Skip to content

Conversation

@niaow
Copy link
Member

@niaow niaow commented Dec 1, 2025

The allocator originally just looped through the blocks until it found a sufficiently-long range. This is simple, but it fragments very easily and can degrade to a full heap scan for long requests.

Instead, we now maintain a sorted nested list of free ranges by size. The allocator will select the shortest sufficient-length range, generally reducing fragmentation.
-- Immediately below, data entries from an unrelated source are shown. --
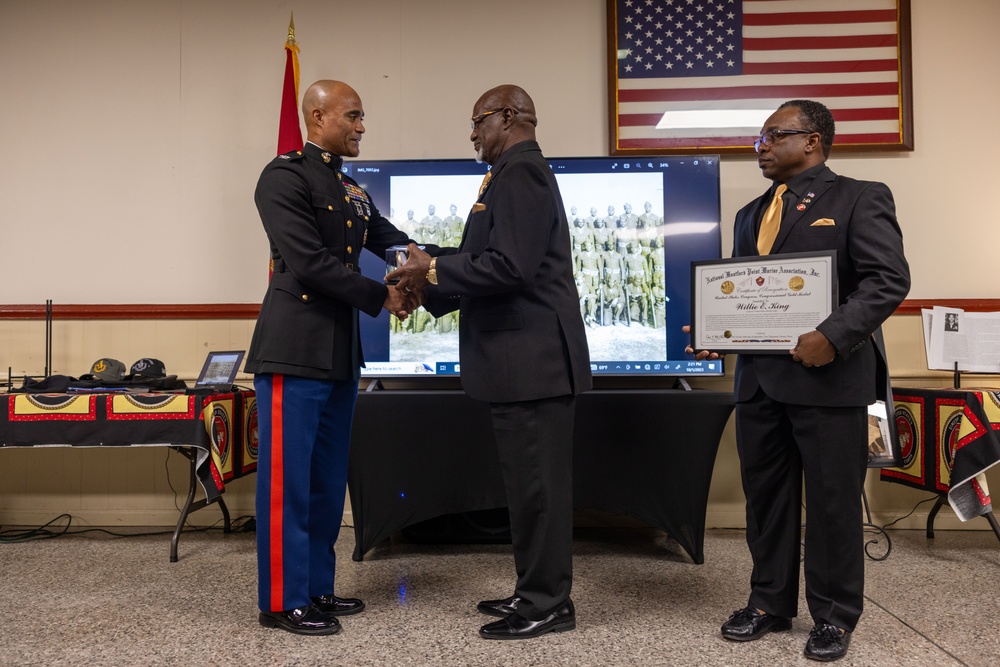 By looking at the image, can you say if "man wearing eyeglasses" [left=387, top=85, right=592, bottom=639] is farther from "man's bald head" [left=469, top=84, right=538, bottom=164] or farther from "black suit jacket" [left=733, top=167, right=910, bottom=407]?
"black suit jacket" [left=733, top=167, right=910, bottom=407]

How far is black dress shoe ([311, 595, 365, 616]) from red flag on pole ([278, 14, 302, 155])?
2088 millimetres

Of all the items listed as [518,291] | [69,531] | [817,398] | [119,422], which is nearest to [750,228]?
[817,398]

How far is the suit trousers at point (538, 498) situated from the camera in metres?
2.01

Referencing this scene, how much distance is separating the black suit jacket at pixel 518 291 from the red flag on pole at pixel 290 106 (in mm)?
1695

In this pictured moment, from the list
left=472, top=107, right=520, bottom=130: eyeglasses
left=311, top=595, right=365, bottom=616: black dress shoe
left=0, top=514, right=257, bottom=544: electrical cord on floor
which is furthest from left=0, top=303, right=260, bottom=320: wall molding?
left=472, top=107, right=520, bottom=130: eyeglasses

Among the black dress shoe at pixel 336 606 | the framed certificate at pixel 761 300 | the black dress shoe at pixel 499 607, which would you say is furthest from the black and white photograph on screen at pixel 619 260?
the black dress shoe at pixel 336 606

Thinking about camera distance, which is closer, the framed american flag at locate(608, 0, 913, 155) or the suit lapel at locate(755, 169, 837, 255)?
the suit lapel at locate(755, 169, 837, 255)

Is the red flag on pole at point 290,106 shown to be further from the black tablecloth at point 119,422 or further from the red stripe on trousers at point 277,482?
the red stripe on trousers at point 277,482

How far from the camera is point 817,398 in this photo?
6.05ft

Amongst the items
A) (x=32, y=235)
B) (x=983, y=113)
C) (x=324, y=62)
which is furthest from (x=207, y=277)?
(x=983, y=113)

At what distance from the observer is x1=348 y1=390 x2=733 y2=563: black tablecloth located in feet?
9.46

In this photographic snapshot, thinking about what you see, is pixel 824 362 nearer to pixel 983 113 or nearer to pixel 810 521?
pixel 810 521

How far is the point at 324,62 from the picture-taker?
3.62 m

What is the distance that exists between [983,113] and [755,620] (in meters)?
2.94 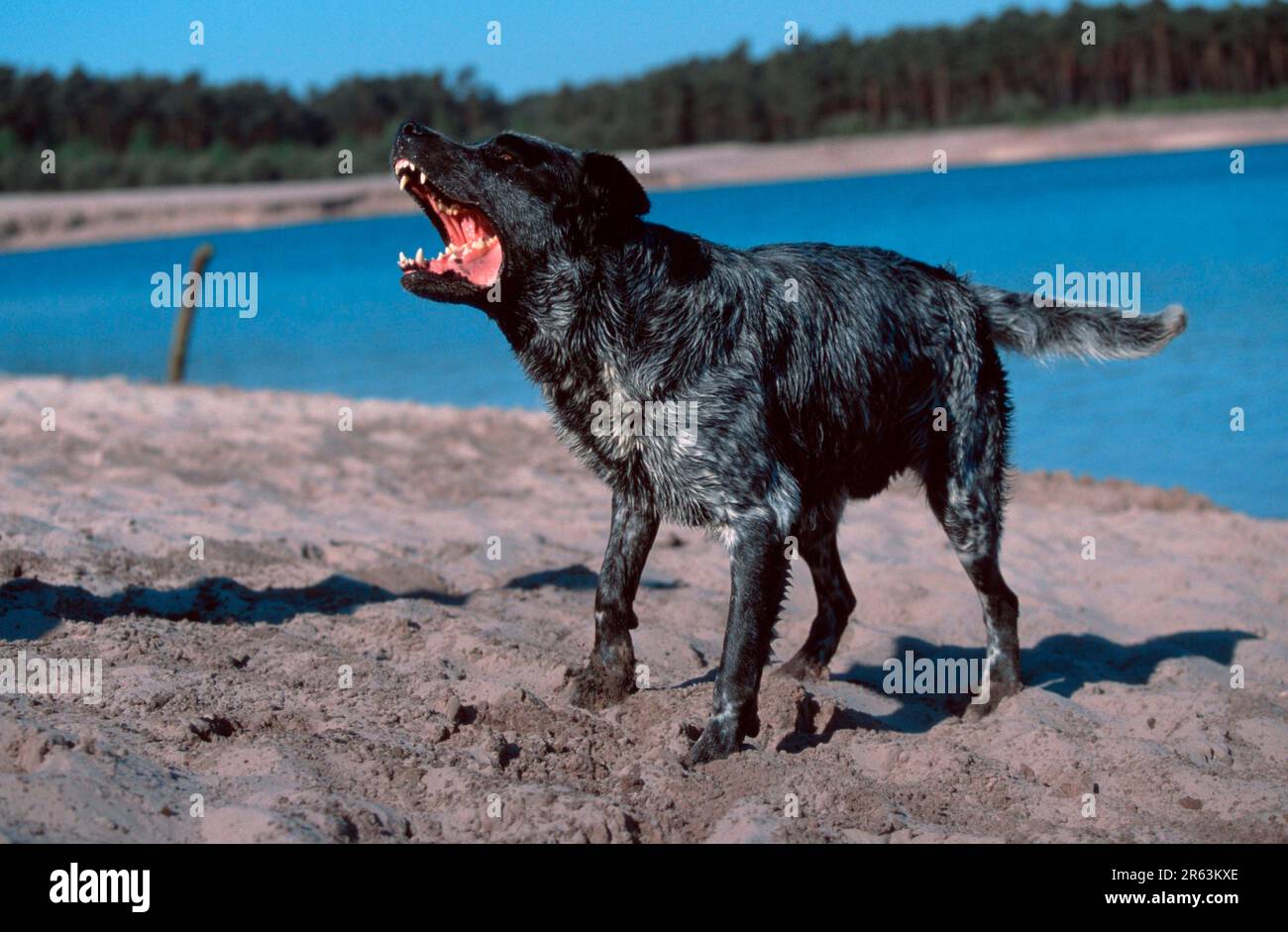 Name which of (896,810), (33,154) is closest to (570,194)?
(896,810)

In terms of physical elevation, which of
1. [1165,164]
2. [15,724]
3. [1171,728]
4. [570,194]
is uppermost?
[1165,164]

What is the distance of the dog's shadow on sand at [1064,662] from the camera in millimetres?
6195

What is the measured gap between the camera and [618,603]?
582 centimetres

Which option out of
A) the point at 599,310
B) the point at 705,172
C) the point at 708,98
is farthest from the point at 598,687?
the point at 708,98

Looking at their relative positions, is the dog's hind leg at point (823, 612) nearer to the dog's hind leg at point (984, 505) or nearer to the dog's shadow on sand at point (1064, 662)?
the dog's shadow on sand at point (1064, 662)

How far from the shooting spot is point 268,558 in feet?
25.0

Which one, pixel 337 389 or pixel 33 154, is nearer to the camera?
pixel 337 389

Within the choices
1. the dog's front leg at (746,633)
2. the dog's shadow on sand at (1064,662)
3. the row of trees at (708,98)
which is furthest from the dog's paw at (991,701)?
the row of trees at (708,98)

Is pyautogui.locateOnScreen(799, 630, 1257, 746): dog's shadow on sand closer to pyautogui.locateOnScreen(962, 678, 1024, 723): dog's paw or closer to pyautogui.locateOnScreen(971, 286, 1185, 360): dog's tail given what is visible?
pyautogui.locateOnScreen(962, 678, 1024, 723): dog's paw

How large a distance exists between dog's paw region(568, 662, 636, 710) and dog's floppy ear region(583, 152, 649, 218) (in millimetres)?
1928

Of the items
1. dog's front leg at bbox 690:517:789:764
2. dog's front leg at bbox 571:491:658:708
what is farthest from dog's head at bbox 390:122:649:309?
dog's front leg at bbox 690:517:789:764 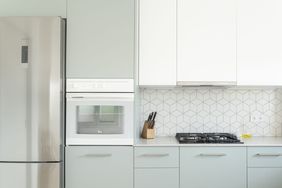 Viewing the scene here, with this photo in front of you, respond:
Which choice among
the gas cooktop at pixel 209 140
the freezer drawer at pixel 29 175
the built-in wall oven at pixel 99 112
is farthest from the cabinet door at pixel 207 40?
the freezer drawer at pixel 29 175

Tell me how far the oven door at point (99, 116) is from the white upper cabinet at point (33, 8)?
27.7 inches

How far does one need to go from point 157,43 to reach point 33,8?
110 cm

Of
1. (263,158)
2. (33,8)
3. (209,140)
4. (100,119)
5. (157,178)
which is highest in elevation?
(33,8)

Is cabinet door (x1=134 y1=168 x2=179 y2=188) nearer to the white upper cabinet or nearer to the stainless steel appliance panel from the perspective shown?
the stainless steel appliance panel

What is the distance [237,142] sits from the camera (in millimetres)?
2336

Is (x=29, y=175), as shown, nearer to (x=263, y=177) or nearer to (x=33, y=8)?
(x=33, y=8)

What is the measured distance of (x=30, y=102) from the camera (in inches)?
83.1

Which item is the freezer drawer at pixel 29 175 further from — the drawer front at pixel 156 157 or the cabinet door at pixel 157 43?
the cabinet door at pixel 157 43

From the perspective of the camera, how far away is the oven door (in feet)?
7.23

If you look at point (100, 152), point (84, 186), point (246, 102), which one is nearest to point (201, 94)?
point (246, 102)

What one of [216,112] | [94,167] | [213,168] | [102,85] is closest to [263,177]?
[213,168]

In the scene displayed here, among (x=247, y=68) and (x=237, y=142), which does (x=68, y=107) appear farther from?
(x=247, y=68)

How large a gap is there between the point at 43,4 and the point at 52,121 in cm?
97

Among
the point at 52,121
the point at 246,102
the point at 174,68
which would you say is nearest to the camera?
the point at 52,121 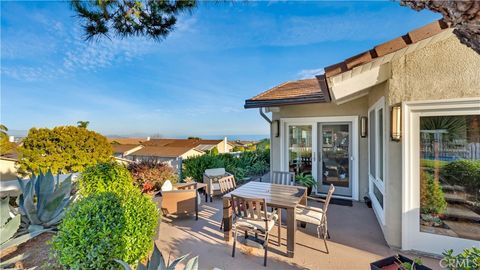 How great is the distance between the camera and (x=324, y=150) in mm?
6762

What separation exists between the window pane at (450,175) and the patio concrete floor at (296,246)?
66cm

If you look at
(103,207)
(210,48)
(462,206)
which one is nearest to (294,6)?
(210,48)

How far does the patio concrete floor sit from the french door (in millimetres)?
1697

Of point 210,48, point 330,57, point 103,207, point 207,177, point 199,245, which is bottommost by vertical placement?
point 199,245

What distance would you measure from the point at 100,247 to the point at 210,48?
25.9 ft

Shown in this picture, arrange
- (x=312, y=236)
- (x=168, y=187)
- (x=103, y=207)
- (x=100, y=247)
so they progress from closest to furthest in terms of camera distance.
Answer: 1. (x=100, y=247)
2. (x=103, y=207)
3. (x=312, y=236)
4. (x=168, y=187)

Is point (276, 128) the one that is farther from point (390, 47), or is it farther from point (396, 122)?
point (390, 47)

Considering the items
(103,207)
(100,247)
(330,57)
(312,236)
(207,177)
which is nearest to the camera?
(100,247)

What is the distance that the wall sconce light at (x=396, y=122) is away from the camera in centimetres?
340

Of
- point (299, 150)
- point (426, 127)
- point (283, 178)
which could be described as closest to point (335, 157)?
point (299, 150)

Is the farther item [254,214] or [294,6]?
[294,6]

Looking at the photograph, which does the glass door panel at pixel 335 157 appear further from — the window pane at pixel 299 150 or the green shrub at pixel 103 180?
the green shrub at pixel 103 180

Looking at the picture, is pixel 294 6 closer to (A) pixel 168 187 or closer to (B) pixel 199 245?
(A) pixel 168 187

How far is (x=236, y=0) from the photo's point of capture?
346 cm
This data structure can find a range in time directly proportional to the requested length.

Performance in the problematic go/format benchmark:

                    │ linear.txt  │            best-fit.txt             │
                    │   sec/op    │   sec/op     vs base                │
Format/array1-10000   31.77m ± 4%   25.71m ± 2%  -19.08% (p=0.000 n=20)

                    │  linear.txt  │             best-fit.txt             │
                    │     B/s      │     B/s       vs base                │
Format/array1-10000   1.945Mi ± 4%   2.403Mi ± 2%  +23.53% (p=0.000 n=20)

The allocator originally just looped through the blocks until it found a sufficiently-long range.
This is simple, but it fragments very easily and can degrade to a full heap scan for long requests.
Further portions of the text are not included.